§ **Data shown**
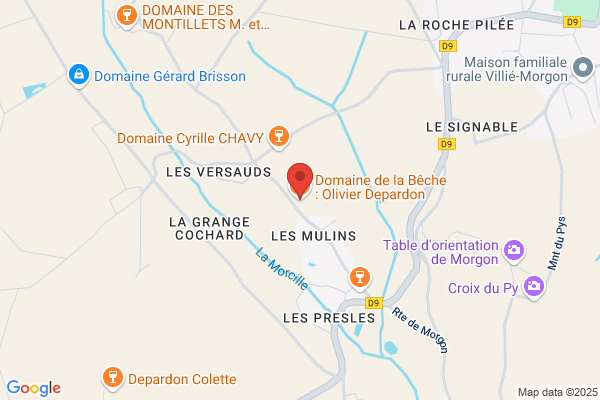 Depardon Olivier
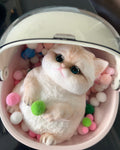 Big Kitty Squishy Stress Relief Toy with a Storage Cart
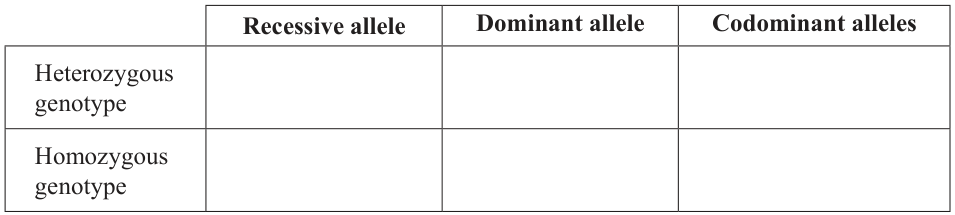 Table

§ **What you will do**
Give back the full listing exactly as written, only without its pictures.

§ **Answer space**
 Depardon Olivier
 Big Kitty Squishy Stress Relief Toy with a Storage Cart
 Table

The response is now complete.